Jero, hi!
That's cute! I remember when we came out my daughter had done research before I came on this site. I lurked for a long time and was afraid to join in.
She said, " Mom. JWs are a cult by all that I've read." I was still in denial I guess. Cult = Satan stuff. Drinking poisoned Kool-Aid. Going off to outer space. You know the stereotypes.
But you know what? As I've learned the FACTS about the WTB$TS I'm convinced that this is a cult. They follow men. Control in every aspect of your life. You'll be nothing and die if you leave. Etc. Etc. Encouraging people to stay away from anyone who disagrees w/the WT thinking.

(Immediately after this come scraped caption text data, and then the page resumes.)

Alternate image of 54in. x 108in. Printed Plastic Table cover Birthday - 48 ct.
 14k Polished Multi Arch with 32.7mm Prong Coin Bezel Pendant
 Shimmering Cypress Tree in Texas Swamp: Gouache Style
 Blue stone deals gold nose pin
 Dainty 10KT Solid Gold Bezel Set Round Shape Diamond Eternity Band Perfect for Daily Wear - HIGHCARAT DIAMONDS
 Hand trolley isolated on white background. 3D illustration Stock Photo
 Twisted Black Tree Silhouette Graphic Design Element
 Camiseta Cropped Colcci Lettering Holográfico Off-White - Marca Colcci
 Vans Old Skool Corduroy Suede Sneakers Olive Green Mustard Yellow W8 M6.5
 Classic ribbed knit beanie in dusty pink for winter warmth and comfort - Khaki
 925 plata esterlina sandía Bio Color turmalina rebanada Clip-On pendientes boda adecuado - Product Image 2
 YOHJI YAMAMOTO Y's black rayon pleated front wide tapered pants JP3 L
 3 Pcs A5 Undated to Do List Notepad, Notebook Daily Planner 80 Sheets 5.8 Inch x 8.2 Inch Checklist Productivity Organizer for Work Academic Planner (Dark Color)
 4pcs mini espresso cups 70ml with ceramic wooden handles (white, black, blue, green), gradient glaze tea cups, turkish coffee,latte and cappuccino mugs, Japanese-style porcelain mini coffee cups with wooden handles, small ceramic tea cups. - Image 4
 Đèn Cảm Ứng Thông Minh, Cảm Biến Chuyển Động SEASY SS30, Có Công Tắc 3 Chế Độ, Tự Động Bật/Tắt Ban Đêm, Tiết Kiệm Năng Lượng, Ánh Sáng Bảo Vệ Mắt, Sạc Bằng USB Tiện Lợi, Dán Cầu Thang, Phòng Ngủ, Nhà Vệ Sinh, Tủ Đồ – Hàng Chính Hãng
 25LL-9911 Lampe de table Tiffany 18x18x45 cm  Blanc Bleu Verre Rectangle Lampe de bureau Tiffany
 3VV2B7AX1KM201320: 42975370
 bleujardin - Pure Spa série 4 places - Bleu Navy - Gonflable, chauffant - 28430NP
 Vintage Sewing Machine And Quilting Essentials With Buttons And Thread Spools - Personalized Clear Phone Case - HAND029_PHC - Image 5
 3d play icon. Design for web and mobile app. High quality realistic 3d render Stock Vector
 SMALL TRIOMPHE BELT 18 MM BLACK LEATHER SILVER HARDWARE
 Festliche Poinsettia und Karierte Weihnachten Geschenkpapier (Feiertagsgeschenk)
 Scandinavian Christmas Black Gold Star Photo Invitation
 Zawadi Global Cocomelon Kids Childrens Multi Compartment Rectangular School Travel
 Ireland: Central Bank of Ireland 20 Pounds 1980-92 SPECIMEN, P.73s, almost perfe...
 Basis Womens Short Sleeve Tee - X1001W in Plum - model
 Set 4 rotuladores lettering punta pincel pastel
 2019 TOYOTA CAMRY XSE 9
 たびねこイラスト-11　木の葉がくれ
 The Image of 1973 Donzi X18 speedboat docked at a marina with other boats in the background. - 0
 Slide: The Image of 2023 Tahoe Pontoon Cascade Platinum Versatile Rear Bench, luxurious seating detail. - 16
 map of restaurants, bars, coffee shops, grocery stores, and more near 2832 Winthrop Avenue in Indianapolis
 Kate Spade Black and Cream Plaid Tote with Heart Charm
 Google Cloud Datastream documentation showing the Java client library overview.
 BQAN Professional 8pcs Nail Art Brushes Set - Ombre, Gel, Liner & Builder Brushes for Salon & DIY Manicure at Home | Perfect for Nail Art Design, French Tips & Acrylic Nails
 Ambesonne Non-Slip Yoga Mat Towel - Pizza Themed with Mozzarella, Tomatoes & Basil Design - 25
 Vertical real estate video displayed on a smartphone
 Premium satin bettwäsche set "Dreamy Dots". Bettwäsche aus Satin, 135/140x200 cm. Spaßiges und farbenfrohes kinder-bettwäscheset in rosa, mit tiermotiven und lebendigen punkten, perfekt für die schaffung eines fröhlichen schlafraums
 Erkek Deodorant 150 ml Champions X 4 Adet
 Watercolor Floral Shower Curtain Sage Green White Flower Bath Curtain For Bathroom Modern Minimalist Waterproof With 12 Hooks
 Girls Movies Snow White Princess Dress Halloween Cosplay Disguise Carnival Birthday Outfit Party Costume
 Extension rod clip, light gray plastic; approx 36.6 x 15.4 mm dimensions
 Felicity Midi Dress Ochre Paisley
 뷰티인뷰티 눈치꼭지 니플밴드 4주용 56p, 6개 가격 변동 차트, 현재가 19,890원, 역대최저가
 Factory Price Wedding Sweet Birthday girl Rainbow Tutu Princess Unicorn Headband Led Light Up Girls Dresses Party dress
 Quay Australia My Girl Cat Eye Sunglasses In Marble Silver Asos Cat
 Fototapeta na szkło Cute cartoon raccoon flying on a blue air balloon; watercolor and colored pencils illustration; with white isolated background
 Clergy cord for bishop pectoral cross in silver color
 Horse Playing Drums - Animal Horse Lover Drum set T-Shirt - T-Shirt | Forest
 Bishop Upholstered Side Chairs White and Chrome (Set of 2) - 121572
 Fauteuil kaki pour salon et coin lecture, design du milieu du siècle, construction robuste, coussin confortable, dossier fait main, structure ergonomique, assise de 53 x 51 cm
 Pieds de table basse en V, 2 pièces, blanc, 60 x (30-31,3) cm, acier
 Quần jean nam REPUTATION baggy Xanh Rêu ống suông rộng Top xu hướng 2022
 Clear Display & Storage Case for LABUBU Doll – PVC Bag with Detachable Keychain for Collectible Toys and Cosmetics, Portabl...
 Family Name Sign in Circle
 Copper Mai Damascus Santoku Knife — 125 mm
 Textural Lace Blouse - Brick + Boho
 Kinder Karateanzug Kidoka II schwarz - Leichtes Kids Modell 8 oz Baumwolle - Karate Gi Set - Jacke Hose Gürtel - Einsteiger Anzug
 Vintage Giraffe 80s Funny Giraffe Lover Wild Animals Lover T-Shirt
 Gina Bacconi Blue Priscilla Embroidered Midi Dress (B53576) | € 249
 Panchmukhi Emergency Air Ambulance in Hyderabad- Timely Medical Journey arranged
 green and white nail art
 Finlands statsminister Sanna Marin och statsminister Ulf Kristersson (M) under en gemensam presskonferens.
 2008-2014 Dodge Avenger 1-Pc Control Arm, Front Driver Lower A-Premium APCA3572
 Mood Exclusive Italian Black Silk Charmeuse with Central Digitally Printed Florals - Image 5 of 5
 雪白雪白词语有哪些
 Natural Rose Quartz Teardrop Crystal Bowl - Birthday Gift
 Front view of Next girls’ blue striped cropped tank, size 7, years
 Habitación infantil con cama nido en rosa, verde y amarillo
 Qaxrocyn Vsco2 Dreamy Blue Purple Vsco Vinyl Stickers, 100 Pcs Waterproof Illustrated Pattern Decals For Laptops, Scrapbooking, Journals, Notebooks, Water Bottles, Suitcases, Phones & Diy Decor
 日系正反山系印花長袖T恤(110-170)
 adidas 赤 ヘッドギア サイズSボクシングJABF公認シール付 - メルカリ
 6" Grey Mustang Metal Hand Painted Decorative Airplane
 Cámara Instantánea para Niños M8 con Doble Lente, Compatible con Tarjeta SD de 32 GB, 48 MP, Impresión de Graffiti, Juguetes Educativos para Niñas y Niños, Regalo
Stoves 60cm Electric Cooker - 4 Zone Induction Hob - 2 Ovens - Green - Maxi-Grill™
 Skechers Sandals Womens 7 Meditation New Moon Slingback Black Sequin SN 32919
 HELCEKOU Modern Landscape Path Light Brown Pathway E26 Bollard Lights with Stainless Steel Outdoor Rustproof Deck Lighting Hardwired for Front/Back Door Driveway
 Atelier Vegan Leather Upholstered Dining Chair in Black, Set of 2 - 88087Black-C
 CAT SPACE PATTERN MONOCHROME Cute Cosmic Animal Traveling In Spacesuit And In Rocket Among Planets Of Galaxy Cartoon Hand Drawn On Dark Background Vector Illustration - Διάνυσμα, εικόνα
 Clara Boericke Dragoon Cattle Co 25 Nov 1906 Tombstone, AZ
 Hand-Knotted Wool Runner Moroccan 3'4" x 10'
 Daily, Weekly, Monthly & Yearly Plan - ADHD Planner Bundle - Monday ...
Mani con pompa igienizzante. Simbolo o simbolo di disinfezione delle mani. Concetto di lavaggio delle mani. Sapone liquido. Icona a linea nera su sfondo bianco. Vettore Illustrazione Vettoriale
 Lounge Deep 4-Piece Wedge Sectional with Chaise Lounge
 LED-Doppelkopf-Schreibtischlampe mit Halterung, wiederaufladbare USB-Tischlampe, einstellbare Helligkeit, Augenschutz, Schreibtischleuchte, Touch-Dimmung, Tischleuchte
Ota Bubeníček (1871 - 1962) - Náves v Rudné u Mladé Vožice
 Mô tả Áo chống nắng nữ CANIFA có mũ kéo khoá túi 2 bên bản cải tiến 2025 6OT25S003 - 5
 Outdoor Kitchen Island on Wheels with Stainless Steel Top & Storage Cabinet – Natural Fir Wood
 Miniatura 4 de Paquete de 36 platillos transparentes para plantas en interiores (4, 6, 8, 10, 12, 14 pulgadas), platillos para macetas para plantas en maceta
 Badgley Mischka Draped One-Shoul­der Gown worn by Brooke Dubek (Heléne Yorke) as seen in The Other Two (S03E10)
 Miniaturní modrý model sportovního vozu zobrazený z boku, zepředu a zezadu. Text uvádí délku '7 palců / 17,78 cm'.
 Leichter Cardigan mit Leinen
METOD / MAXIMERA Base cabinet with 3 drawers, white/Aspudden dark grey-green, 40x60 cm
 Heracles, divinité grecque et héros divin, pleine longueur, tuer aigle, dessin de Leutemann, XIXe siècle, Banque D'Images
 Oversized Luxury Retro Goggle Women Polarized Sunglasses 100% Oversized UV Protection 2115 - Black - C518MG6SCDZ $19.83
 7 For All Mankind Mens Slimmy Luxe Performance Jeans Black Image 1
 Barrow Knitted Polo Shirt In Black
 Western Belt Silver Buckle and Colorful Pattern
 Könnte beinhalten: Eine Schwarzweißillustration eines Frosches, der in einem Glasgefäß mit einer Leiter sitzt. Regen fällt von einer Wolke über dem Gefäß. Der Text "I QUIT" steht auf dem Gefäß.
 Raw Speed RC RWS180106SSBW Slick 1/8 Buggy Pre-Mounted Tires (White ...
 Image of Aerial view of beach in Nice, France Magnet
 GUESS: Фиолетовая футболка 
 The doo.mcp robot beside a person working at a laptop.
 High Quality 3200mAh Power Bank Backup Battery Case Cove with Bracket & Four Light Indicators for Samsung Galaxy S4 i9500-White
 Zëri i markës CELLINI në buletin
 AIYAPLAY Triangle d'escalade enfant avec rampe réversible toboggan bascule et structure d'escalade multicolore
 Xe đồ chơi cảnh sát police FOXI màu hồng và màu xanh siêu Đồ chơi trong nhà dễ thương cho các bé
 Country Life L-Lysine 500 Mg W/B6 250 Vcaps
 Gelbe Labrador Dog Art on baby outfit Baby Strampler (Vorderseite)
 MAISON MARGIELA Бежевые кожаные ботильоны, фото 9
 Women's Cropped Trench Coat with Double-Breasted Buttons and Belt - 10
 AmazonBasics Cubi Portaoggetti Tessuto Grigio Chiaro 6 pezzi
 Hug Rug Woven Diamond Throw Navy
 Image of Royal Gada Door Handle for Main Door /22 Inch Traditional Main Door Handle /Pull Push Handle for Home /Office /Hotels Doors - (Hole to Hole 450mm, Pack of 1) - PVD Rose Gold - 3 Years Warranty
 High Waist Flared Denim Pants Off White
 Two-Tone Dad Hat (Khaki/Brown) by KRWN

Peace to you Jero. Enjoy being out and living life to its fullest. Enjoy the company of those "terrible, godless worldly people"!
Juni
Jero you said how you feel which I respect:
I've spent the first third of my life in a cult! I'm laughing - I think it's hilarious
When I realized how much time I wasted - 21 years and putting my kids through hell - I cried and cried. The guilt led me to the point of suicide. And then I got help. I've had many talks w/my kids who told me, "Mom. We know you did what you thought was best." That made me feel a little better and I love them to pieces for being so forgiving. But to this day, I still have a hard time forgiving myself and wasting so much precious time when they were growing up w/o enjoying holidays and putting up w/crap from other kids and teachers, and not having worldly friends.
That is why I spend a lot of my time with them and their families (my grandkids). I feel "alive" once again and now enjoying life, peaceful times and self-worth. All of that was taken away before from this religion. It's something that I have to continually remind myself that we will be o.k. We will survive.